● **PROBLEM REQUIREMENTS**
Below this line are records; transcribe exactly the lines between the one holding "Paul McCobb Planner" and the one holding "Christmas Alien Pattern", inclusive, and omit the pictures.

============================================================

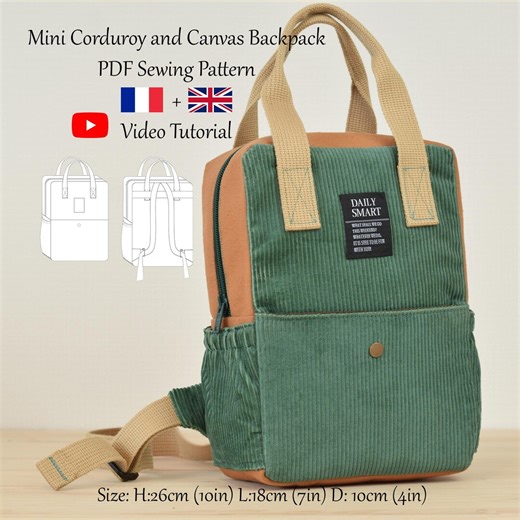 Mini Corduroy and Canvas Backpack With Pockets - PDF Sewing Pattern & Video Tutorial - One Size - Instant Download - A4, A0, US Letter. - Etsy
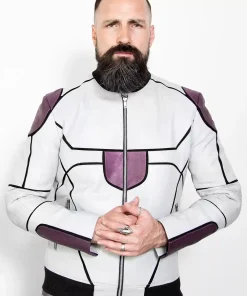 mens frieza DBZ white purple leather jacket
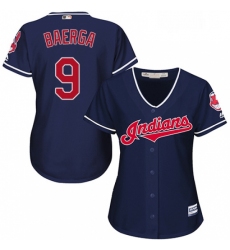Womens Majestic Cleveland Indians 9 Carlos Baerga Replica Navy Blue Alternate 1 Cool Base MLB Jersey 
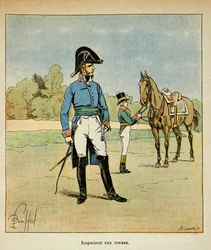 Ilustração de Bombled Louis (1862-1927) do livro "O Memorial de Santa Helena" do Conde Emmanuel de Las Cases (1766-1842): Retrato de um inspetor em revistas, coleção privada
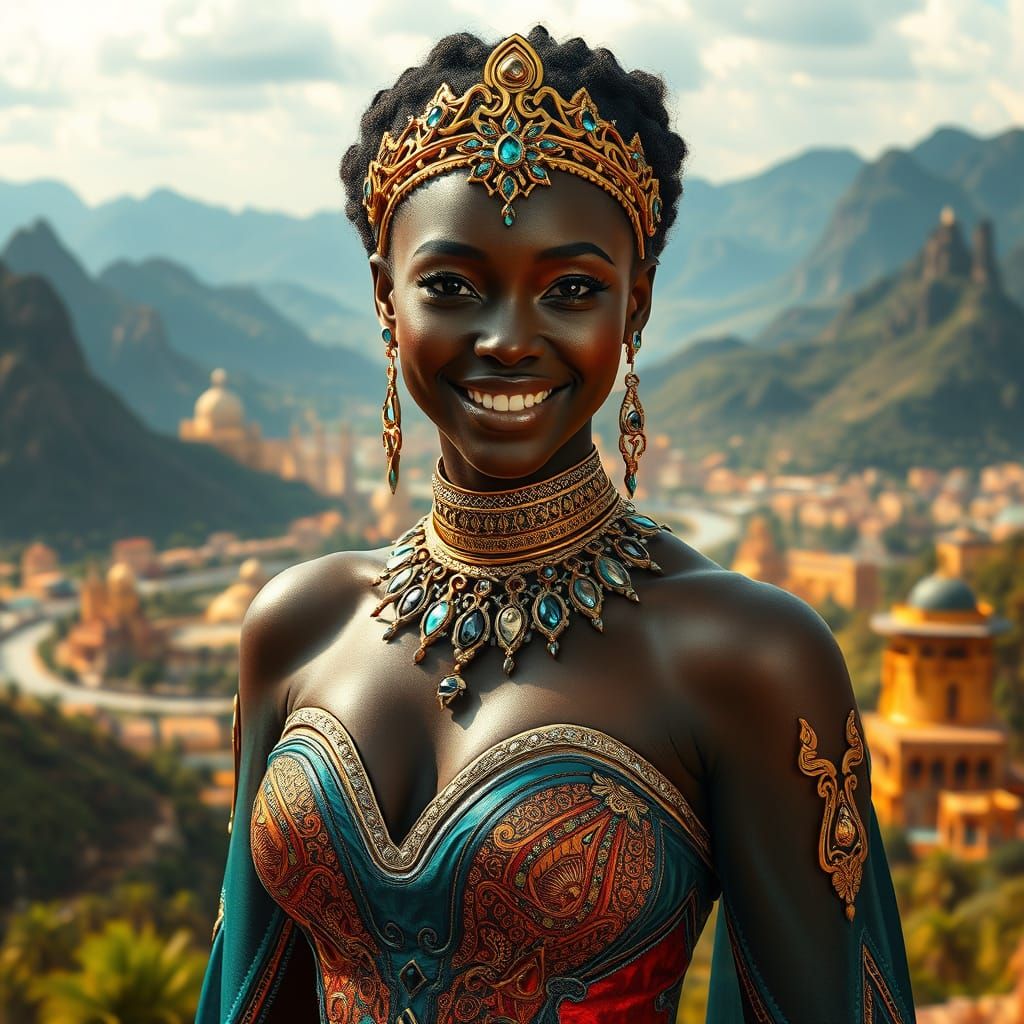 Cyberpunk Princess of Lemuria with Golden Cityscape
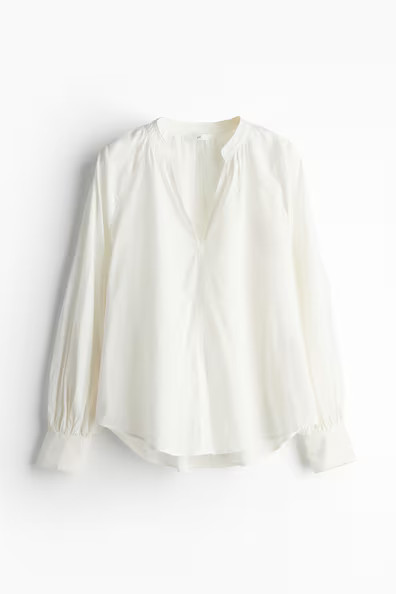 H & M - Balloon-sleeved blouse - White | H&M (UK, MY, IN, SG, PH, TW, HK)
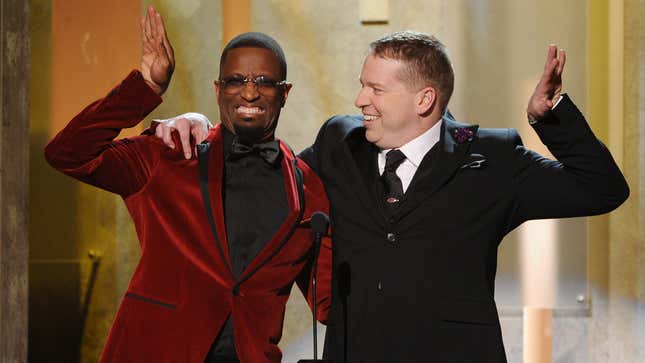 Presenters Rickey Smiley and Gary Owen speak onstage during the 45th NAACP Image Awards Feb. 22, 2014, in Pasadena, Calif. 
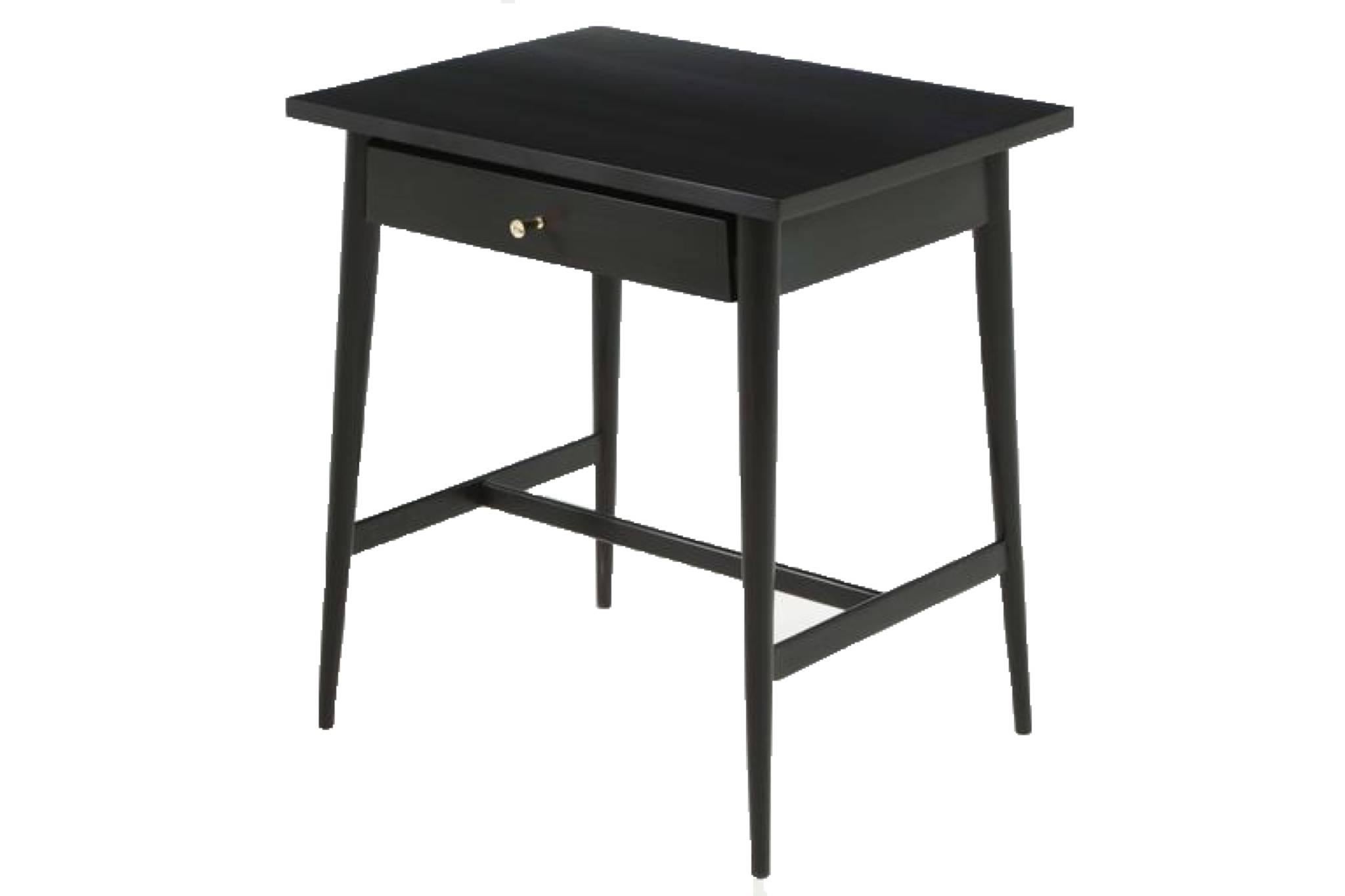 Paul McCobb Planner Group nightstands, circa 1955. Solid maple construction throughout, restored in a hand finished black lacquer with original brass conical drawer pull. Paul McCobb (1917-1969) is an American designer best known for the Planner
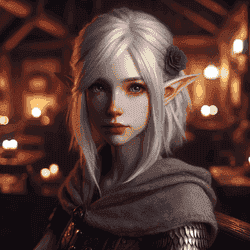 A portrait of a snow elf.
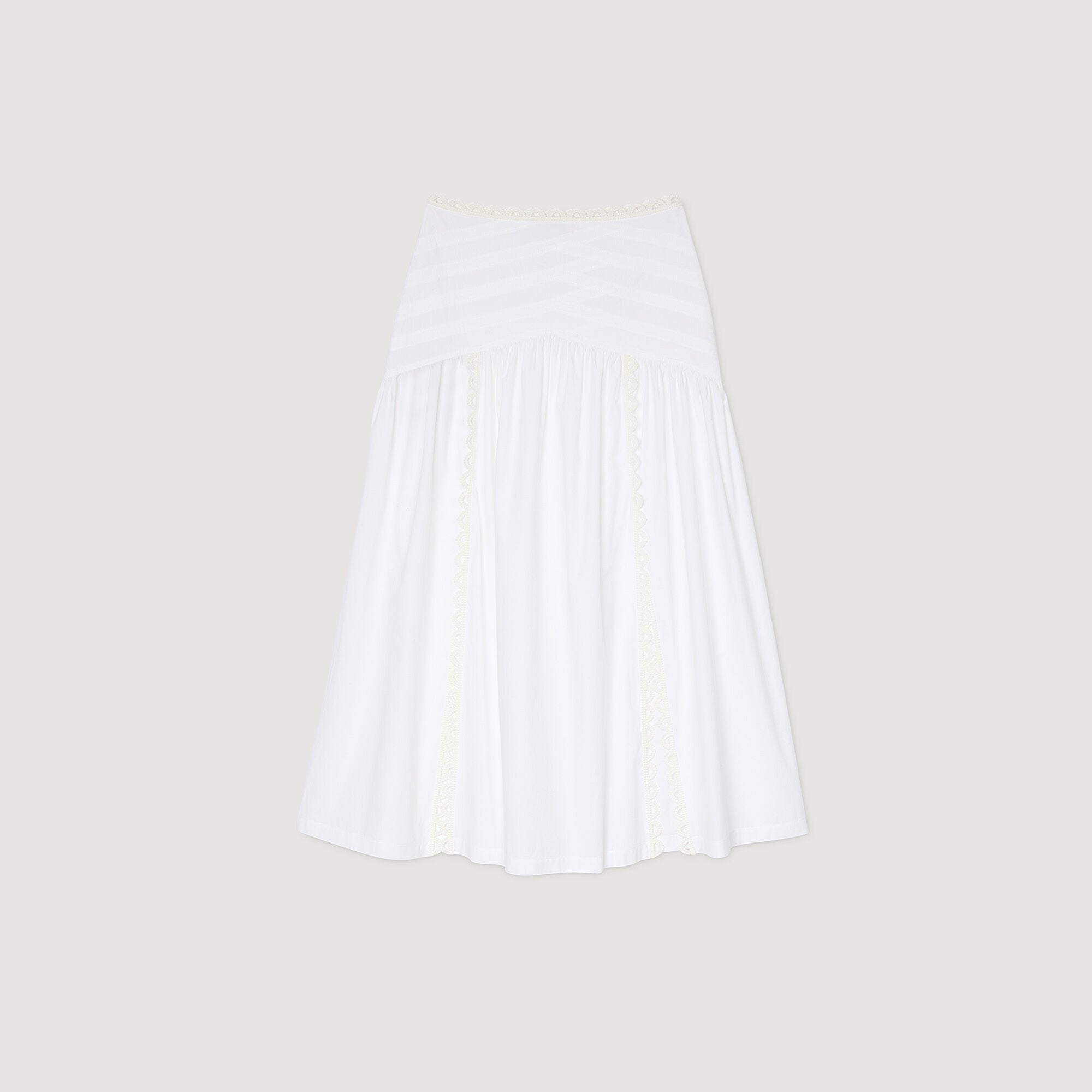 Sandro / Maxi poplin skirt White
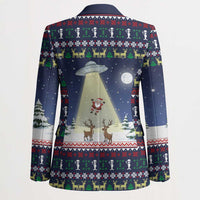 Christmas Alien Pattern with UFO Abduction of Santa Reindeer Snowy Forest Blazer Xmas Holiday Patterns - Wonder Print Shop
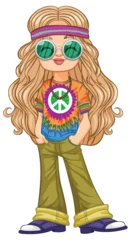 Deurstickers Colorful, retro-styled hippie girl in vibrant attire. © GraphicsRF
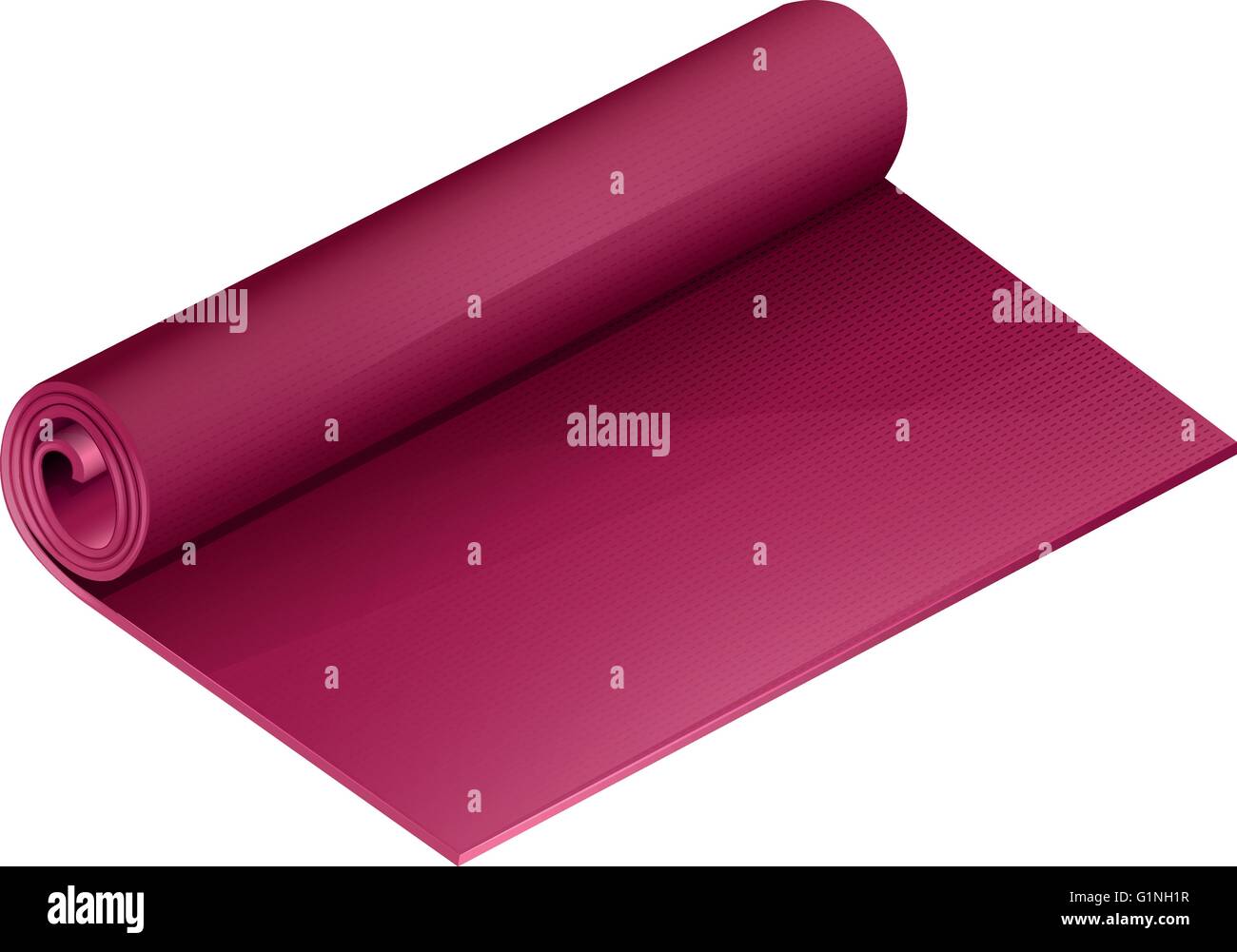 Rolled mat in pink color Stock Vector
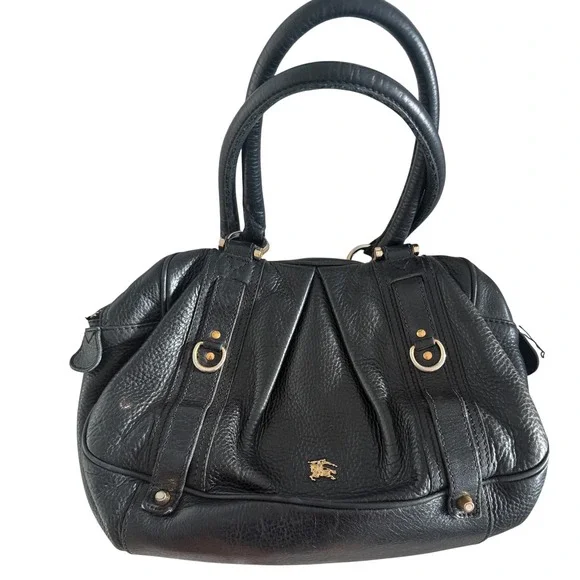 Burberry Black Pebbled Leather Satchel Vintage Y2K Quiet Luxury Designer Handbag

============================================================

● **RESPONSE AREA**
 Paul McCobb Planner Group nightstands, circa 1955. Solid maple construction throughout, restored in a hand finished black lacquer with original brass conical drawer pull. Paul McCobb (1917-1969) is an American designer best known for the Planner
 A portrait of a snow elf.
 Sandro / Maxi poplin skirt White
 Christmas Alien Pattern with UFO Abduction of Santa Reindeer Snowy Forest Blazer Xmas Holiday Patterns - Wonder Print Shop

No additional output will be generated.